4 ‘Game Of Thrones' Clues That Daenerys & Jon Snow Are Related, Which Is Kind Of A Big Deal For Westeros

SAN DIEGO, CA - JULY 21: Actors Kit Harington (L) and Emilia Clarke (R) pose at HBO's 'Game Of Thrones' Panel during Comic-Con 2011 on July 21, 2011 in San Diego, California. (Photo by Frazer Harrison/Getty Images)
Source: Frazer Harrison/Getty Images Entertainment/Getty Images

By now, it's safe to assume that we've all heard the infamous R + L = J theory from Game of Thrones, right? The theory that Jon Snow is not, in fact, Ned Stark's bastard, but a (potentially legitimate) son of Lyanna Stark and heir apparent Rhaegar Targaryen? It's a well thought-out theory that even George R. R. Martin has hinted is true (sidebar: Sean Bean definitely thinks it's true). It's been circulating for almost a decade now (Game of Thrones was first published in 1996, after all), and much of Season 5 seemed to confirm its impending canonization. Suffice it to say, the theory has a lot going for it, and expounding off of it and building on it can actually take you into some pretty interesting territory — after all, one of the most thought-provoking aspects of the R + L = J theory is that it means fan favorites Jon Snow and Daenerys Targaryen are related. (If it turns out being true, she would be his aunt.)

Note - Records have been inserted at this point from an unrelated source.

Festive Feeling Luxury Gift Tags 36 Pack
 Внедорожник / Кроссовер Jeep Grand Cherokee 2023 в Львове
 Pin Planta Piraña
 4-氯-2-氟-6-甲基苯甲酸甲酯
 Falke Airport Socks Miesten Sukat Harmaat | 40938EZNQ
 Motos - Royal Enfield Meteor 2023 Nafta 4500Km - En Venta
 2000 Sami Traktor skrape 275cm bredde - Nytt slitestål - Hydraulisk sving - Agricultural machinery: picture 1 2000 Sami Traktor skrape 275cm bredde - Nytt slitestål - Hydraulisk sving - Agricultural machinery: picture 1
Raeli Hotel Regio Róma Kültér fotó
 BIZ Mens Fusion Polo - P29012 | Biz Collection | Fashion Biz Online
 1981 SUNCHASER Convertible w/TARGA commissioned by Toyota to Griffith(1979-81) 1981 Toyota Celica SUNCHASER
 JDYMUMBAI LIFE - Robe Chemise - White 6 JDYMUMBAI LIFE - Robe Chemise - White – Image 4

That in and of itself has some interesting implications — if Jon turns out to be the legitimate son of good old R and L, it means that his claim to the Iron Throne is actually stronger than Dany's. Too bad they can't share it. (Come on, we've all fantasized about Dany and Jon holding the Iron Throne together with Drogon and Ghost respectively at their sides, right?) 

Any way you slice it, the mere idea that two of our favorite Westerosi are related is fascinating. So, what clues has the show provided to support it? Are there any visual cues out there that Dany and Jon are related?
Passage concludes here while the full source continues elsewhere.